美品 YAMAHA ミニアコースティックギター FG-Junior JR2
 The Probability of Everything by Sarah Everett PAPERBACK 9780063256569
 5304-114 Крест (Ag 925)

+ + + +

**What you need to do:**
Word for word, write out every line of the listing.

**Answer section:**
美品 YAMAHA ミニアコースティックギター FG-Junior JR2
 The Probability of Everything by Sarah Everett PAPERBACK 9780063256569
 5304-114 Крест (Ag 925)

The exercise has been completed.